The next day, Geoffrey and the other envoys again met with Dandolo. The treaties were officially signed; the following year was chosen for their departure, when the “barons and pilgrims were to be in Venice, and the ships ready against their coming;” and a destination was set too. Geoffrey tells us that the council was told those ships would be headed for Egypt, but to the general public it was to be the much vaguer “overseas,” something they would surely take to mean a straight line to Jerusalem. The arrangements were forwarded on to Rome for the pope’s ratification, and the envoys, having borrowed enough money for an initial deposit, left for France. 

They had been successful in their mission, and a deal had been secured, but at what a cost, some 85,000 marks. With all that was going to happen later on, people often portray this agreement as the first of a series of cunning Venetian maneuvers bent on achieving a private self-serving goal, but actually their price was close to standard, as such things went, close to recent prices set by the Genoans for example. The prices per knight, horse, and squire were actually all reasonable enough. The problem was with how many were supposed to be involved. This wasn’t a “bring who you will, and we’ll build a fleet to match”-type situation; the Venetians were putting all they had into being ready to shift some 35,000 people, and they expected to be paid for it, whether 35,000 people really showed up or not. This was the agreement Geoffrey and the other envoys had signed on behalf of their lords, and they have to be considered at least partly responsible for this wild optimism, as do their lords who they represented. 

There were no mixed feelings on Geoffrey’s return, no hint that he’d signed the French barons up for something undesirable, something that was going to set the whole thing horribly off course. Maybe he, quite understandably, presented his actions in the best possibly light when the moment came to write things down. Or maybe nobody yet saw the implications, too full with the glory of what they were embarking on to consider it would be anything less than a thing of wonder. 

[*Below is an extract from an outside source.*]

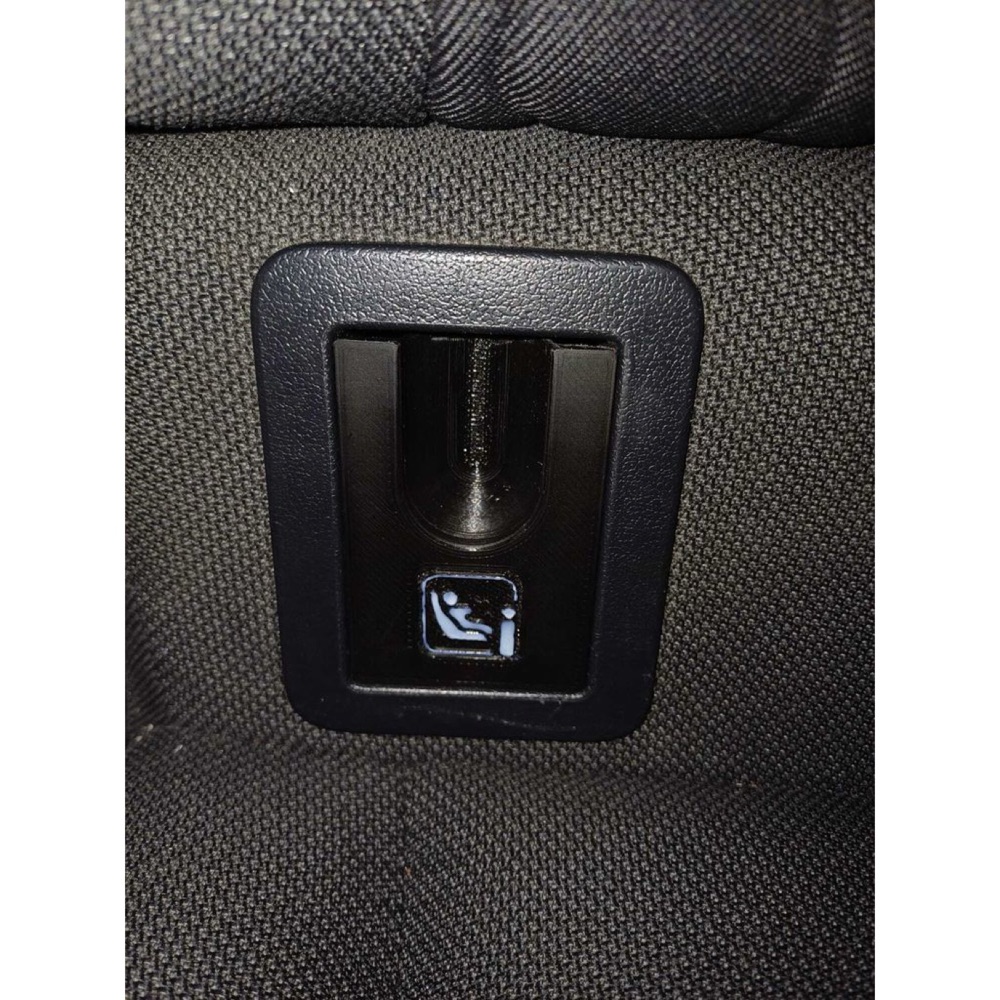 Toyota Corolla / C-HR Isofix Yuvası Trimp Kapağı görsel 3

In his account, we do actually get a little taste of what was going to make things difficult for the crusaders. On his way home from Venice, he meets with a Walter of Brienn. Walter was off to Apulia to conquer the lands of his wife, and Geoffrey identified some of the best of Champagne going with him, knights who had all taken the cross. They told Geoffrey that they would be ready to join him when the time came, but they wouldn’t. 

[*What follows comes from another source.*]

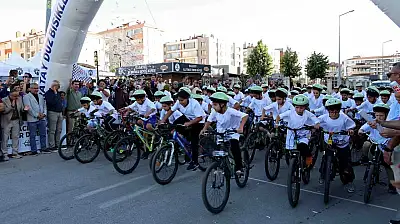 Konya'da Düz Bisiklet Yarışı heyecan verdi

As Geoffrey reflected on Walter’s case, “events fall out as God wills, and never had they power to join the host,” but Walter and the many knights who accompanied him didn’t just happen to be busy at that moment. Pope Innocent had enlisted them in his struggles in southern Italy with the House of Staufen. So it was that when all those knights were to be needed to make up the numbers in Venice, Walter would be fighting in Apulia, and in June of 1205, when the events of the Fourth Crusade had all played out, he was still going to be there in Italy to be surprised and killed in his own camp, he and his many much needed knights never leaving Italian shores. 

Geoffrey travelled on from this encounter to Troyes, where he found his lord Thibaut still entirely on board. Unfortunately, Thibaut was also sick, very sick, bedridden and slipping away towards the end. Count Thibaut was briefly revived by Geoffrey’s arrival and his news. He rose from his bed, and for the first time in a long time, mounted and rode his horse, but that would be the last time. He soon died, and on his tomb, the following words were inscribed:

Intent upon making amends for the injuries of the Cross

and the land of the Crucified

He paved a way with expenses, an army, a fleet.

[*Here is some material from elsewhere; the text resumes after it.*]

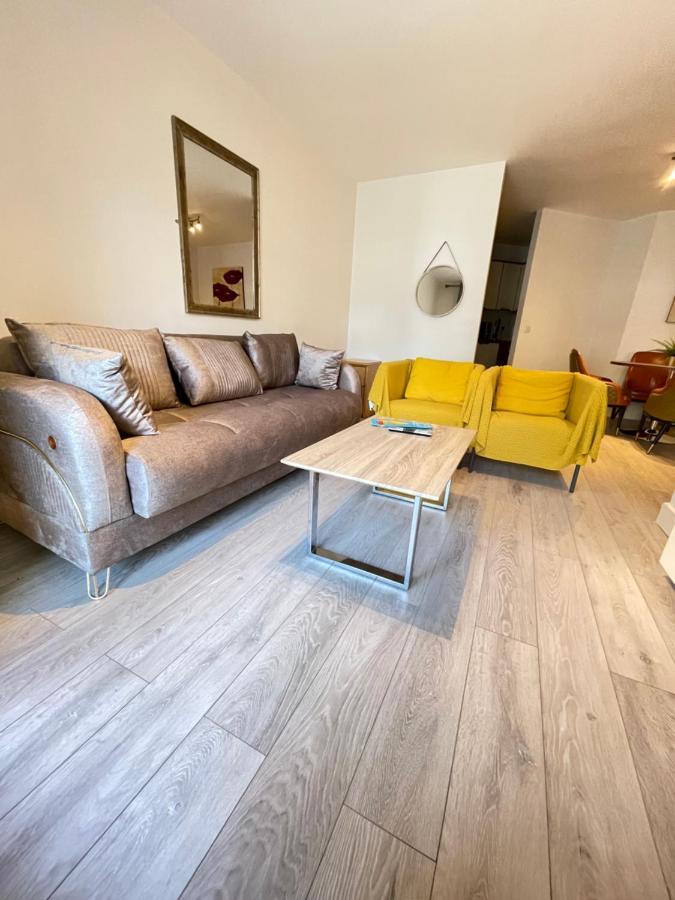 Greeg Court Apartment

Seeking the terrestrial city, he finds the one celestial;

While he is obtaining his goal far away,

he finds it at home.

Behind him, Count Thibaut left money for his friends and followers that they should, upon receiving it, swear on holy relics to join the gathering in Venice, but there were many among them, Geoffrey says, who kept that oath badly. They took the money made their promises, but they did not hold to them. Like the passing of Walter of Brienn into Apulia, they were very much the smoke of a fire still to come.

The death of Thibaut also left the issue of leadership to be arranged, and it wasn’t so simple as handing things off to Louis or Baldwin, or at least that’s not what they did. The crusaders likely viewed this as an opportunity to pull someone in, to dangle the prospect of the glory of command, with support and resources already attached, and to land a powerful baron who had not yet taken the cross, and with him, his many men. From Robert and Geoffrey we get different perspectives on quite how this went. 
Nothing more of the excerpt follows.